Johnson: And this is a new product?
Gay: Yes, it’s brand new. We launched this product about four or five weeks ago. The product is manufactured in Asia. It’s really directed toward the automotive industry, but because of the properties of the material, it can actually be applied to other industries where high temperatures and high voltage CAF performance are required.
Johnson: From the automotive application perspective, how is this a response to the demands of OEMs?
Chris Hunrath: High-speed charging is an obvious area of concern, and one of the ways you accomplish that is using higher voltage. You need something with very good dielectric properties. Epoxy is good, but this material is better. Rapid charging drives this heavy copper requirement as well as the ability to make circuits and embed them in the dielectric material. With thermal performance, in the organic substrates, it has always been the domain of polyimide, with epoxies, multifunctional epoxies, and some materials in between. But there was a space between polyimide and epoxy, and we knew that polyimide doesn’t do certain things very well. It absorbs moisture, but it gets brittle as it cures. It is very decomposition resistant, but it does have some other drawbacks.

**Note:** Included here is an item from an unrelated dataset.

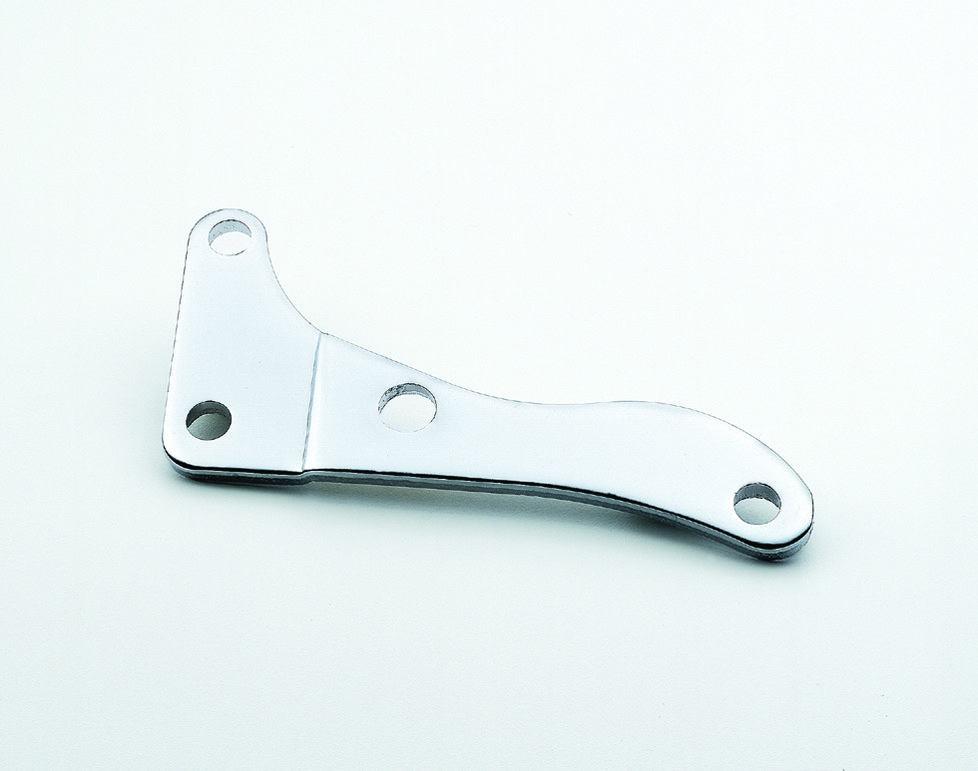 Mr. Gasket Alternator Bracket, Chrome Plated, Steel, Lower Bracket Only – 4954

As Michael mentioned, ceramics are very good in certain applications for high temperature, but you can’t do everything you want to do in circuitry in ceramics that you can easily do with a PCB material or organic PCB material. This just gives the engineers and designers a whole lot of options when they’re designing circuits. The base resin chemistry (I don’t believe it’s proprietary) is something called benzoxazine, and it’s a newer resin system. It’s been around for a long time, but it’s newer than epoxy. The way it cross-links and the way it behaves in high temperature applications is different. It has actually been used in aircraft bodies. You’ve heard the airline industry is moving away from aluminum parts to composite parts. Well, this is the resin that is being used. Resin has to be able to flow and fill large features very well, but it also has to withstand temperature variations. Think of an aircraft on the runway vs. an aircraft in the upper atmosphere—we see some pretty wide temperature changes. This resin chemistry does all those things very well.